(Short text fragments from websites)
---

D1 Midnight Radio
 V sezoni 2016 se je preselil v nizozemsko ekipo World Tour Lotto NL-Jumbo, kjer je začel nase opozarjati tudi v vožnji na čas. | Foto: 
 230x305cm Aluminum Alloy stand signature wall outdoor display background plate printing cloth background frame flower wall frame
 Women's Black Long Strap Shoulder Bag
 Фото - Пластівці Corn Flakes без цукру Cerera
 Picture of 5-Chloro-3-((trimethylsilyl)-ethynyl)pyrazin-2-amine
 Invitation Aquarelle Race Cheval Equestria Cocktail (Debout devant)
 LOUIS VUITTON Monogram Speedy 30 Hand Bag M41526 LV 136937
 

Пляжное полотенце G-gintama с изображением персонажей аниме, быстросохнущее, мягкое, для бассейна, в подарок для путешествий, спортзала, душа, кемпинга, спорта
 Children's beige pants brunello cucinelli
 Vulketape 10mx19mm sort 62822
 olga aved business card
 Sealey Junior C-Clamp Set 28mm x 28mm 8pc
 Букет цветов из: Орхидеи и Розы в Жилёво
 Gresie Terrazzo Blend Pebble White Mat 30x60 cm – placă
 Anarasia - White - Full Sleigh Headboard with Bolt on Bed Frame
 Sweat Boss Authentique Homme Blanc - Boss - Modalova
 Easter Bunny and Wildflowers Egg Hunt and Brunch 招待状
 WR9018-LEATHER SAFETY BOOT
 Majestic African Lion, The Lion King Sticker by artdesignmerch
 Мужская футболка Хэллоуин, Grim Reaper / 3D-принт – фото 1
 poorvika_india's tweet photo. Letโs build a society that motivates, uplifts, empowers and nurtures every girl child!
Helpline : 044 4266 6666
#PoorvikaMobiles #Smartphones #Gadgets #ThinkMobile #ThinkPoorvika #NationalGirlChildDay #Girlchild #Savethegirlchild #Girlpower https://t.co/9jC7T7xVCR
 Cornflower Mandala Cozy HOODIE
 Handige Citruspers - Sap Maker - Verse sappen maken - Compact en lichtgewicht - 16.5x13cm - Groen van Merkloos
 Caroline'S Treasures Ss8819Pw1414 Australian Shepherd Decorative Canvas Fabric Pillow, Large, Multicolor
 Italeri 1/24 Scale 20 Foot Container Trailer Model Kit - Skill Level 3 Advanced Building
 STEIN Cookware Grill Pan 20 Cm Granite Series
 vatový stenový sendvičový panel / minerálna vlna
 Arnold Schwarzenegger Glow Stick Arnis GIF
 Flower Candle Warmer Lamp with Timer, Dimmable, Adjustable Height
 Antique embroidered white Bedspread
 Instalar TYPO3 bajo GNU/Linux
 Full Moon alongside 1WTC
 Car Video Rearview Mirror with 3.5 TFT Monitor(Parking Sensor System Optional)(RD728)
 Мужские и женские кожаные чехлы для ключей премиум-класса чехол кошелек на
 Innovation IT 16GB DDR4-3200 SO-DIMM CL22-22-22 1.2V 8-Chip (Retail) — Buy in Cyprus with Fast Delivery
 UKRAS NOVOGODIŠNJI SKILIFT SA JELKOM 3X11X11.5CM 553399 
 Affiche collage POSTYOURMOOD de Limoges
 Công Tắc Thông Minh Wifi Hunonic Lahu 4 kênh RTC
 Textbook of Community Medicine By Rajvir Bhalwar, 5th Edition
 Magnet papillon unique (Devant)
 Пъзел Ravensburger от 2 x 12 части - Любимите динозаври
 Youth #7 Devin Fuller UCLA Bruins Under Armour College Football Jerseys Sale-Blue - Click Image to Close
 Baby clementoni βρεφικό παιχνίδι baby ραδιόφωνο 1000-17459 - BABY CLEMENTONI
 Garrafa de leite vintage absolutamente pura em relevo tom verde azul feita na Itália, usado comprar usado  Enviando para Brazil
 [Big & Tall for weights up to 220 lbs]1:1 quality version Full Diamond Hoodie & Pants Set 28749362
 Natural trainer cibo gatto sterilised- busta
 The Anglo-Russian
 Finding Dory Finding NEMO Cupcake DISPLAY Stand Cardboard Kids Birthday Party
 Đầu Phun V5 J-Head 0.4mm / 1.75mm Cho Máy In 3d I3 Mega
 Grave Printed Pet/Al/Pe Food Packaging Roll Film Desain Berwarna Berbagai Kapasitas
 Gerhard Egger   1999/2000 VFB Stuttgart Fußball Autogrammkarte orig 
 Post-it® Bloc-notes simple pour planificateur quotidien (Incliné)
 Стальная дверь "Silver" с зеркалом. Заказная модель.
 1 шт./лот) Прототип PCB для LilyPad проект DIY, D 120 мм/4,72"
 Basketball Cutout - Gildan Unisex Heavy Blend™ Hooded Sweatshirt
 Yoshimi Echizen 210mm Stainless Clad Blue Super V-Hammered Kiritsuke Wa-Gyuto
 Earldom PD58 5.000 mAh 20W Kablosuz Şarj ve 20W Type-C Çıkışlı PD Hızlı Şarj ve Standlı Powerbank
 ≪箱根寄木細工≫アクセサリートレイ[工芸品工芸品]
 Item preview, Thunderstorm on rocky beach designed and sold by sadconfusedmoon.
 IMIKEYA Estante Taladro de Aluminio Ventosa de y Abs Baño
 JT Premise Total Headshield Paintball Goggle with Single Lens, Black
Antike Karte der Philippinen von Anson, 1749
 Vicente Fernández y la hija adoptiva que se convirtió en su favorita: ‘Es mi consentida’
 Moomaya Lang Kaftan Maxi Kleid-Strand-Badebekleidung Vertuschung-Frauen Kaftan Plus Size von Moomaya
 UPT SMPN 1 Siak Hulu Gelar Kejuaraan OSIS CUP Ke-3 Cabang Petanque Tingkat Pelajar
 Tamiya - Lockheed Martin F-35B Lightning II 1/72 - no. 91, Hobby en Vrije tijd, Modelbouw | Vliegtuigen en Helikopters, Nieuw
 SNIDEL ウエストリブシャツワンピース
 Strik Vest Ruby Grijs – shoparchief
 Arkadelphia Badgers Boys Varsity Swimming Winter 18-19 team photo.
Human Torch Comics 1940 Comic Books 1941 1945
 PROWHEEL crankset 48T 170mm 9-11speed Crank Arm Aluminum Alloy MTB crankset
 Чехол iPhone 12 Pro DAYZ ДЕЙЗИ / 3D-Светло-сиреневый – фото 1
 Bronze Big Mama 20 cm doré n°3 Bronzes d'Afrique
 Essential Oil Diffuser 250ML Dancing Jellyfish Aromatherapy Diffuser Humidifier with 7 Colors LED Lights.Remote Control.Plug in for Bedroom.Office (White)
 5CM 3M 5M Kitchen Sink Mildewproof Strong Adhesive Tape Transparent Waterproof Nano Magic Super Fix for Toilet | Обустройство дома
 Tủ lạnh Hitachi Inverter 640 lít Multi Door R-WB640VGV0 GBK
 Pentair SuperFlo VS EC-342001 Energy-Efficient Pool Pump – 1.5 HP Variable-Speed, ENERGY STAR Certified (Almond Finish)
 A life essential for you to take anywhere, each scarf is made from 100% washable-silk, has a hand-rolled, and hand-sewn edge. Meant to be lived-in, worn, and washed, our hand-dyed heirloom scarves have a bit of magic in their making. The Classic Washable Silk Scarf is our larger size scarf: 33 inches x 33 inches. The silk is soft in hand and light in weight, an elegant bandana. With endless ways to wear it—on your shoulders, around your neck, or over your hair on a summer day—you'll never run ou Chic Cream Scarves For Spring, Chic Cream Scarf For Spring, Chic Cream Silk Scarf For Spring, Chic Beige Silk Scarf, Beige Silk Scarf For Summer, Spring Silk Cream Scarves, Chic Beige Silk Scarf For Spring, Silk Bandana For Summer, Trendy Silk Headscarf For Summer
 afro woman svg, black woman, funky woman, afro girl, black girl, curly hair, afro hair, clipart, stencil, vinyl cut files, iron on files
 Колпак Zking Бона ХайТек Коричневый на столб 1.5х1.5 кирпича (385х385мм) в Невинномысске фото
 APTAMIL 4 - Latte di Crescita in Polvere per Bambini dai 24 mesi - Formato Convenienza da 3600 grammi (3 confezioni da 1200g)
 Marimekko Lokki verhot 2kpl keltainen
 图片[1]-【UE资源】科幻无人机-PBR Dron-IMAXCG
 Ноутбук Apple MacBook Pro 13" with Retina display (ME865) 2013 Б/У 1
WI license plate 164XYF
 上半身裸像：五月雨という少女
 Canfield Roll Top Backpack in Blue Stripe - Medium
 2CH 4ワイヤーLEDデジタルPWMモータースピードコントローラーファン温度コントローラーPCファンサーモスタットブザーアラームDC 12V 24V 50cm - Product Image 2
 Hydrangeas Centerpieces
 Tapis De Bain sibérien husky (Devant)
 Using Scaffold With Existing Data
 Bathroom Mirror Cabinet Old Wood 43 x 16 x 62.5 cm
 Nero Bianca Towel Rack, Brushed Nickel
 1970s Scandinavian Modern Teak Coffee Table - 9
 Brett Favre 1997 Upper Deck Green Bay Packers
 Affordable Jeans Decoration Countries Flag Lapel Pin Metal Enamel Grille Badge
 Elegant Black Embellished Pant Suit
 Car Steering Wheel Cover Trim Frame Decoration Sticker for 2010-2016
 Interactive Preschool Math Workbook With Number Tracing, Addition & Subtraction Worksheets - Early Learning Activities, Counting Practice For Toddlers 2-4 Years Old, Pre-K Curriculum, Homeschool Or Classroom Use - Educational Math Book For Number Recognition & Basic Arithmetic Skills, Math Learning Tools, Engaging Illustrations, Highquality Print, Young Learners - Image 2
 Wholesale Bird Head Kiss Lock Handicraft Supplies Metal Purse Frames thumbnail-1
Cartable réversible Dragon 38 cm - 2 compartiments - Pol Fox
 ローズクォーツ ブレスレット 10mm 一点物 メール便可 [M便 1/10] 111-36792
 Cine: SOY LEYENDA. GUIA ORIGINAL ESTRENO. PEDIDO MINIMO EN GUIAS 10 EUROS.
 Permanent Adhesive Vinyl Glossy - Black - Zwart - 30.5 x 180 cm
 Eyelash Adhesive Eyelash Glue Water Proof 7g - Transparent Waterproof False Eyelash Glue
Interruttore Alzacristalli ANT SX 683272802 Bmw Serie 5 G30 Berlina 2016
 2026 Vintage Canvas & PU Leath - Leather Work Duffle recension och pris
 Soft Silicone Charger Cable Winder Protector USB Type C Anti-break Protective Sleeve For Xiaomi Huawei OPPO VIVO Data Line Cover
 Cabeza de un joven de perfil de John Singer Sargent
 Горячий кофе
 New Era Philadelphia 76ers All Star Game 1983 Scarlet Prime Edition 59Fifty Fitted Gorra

---

_Work instruction_
Using the entries above, find all lines with "Alloy". Copy them.

_Response to this exercise_
 230x305cm Aluminum Alloy stand signature wall outdoor display background plate printing cloth background frame flower wall frame
 PROWHEEL crankset 48T 170mm 9-11speed Crank Arm Aluminum Alloy MTB crankset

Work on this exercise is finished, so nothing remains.